2. **Execution authority is split across rows, snapshots, and worker leases** — the run model is harder to reason about and harder to recover cleanly.
3. **Long-running workflows are awkward** — event waits, retries, and child workflow semantics rely on custom scheduler logic rather than a durable orchestration engine.
4. **Runtime semantics are difficult to evolve safely** — replay, determinism, and versioning are implicit instead of explicit.
5. **Hosted and appliance need one durable runtime model** — workflows are an EE feature, and appliance includes Temporal, so diverging engines would create unnecessary complexity.

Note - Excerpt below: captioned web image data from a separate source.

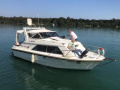 Fjord Attache Kajütboot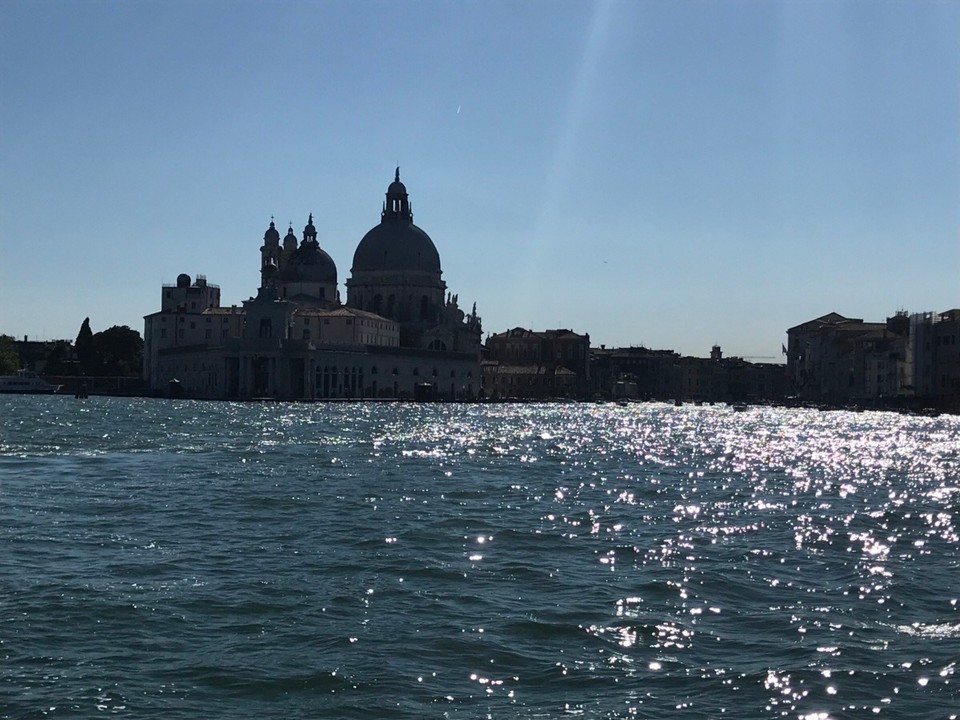 Italien - Venedig - 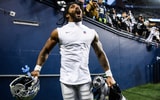 Ameer Abdullah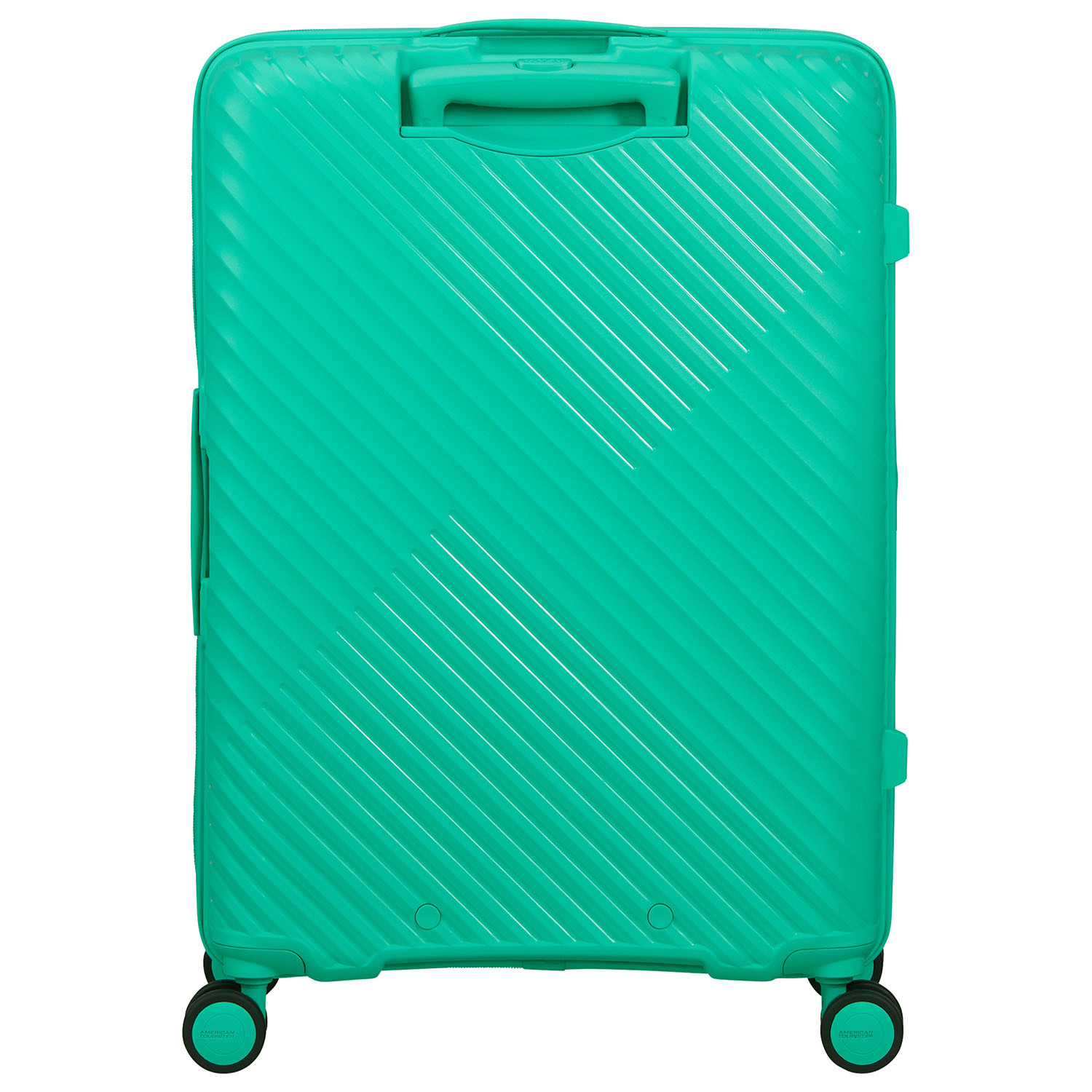AMERICAN TOURISTER Diablast Spinner 68/25 Cyber Aqua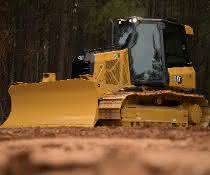Cat und Zeppelin präsentieren zwei neue Dozer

A Temporal-native interpreter solves the hardest workflow-runtime concerns directly:
- durable timers for `time.wait`
- signal-based wakeups for `event.wait` and `human.task`
- native child workflow orchestration
- cleaner cancellation and recovery semantics
- a single durable execution authority

## Goals

1. **Temporal-native execution authority** — every new Workflow V2 run executes as a Temporal workflow, and Temporal is the source of truth for execution state.
2. **Single EE runtime across hosted and appliance** — both hosted EE and appliance EE use the same interpreter model and semantics.
3. **Preserve intuitive workflow authoring** — the workflow DSL and designer remain declarative and user-friendly; Temporal concepts stay behind the runtime boundary.
4. **Hard cutover with minimal migration burden** — the current DB-backed runtime can be abandoned for new runs; no active-run migration is required.
5. **Durable, deterministic interpreter** — pinned definitions, explicit runtime semantics versioning, deterministic expression evaluation, and activity-only side effects.
6. **Keep the database as a first-class product read model** — run details, step timelines, waits, action invocations, and event audit remain queryable in the DB.
7. **Support all current workflow categories** — manual runs, event-triggered runs, one-time schedules, recurring schedules, waits, retries, child workflows, and human tasks.
8. **Establish a clean future architecture** — retire lease-based polling execution and DB-driven wait resolution so future workflow features build on a durable engine.

## Non-goals

- Redesigning the workflow designer around imperative Temporal concepts.
- Preserving exact internal runtime table semantics from the DB-backed engine.
- Migrating in-flight DB-runtime runs into Temporal.
- Maintaining a long-term hybrid runtime where DB execution and Temporal execution coexist as equal authorities.
- Building a broad new observability platform beyond the minimum run/query/projection surfaces needed for workflow support.
- Introducing parallel `forEach` execution in the first Temporal-native release.
- Replatforming Community Edition workflows onto Temporal.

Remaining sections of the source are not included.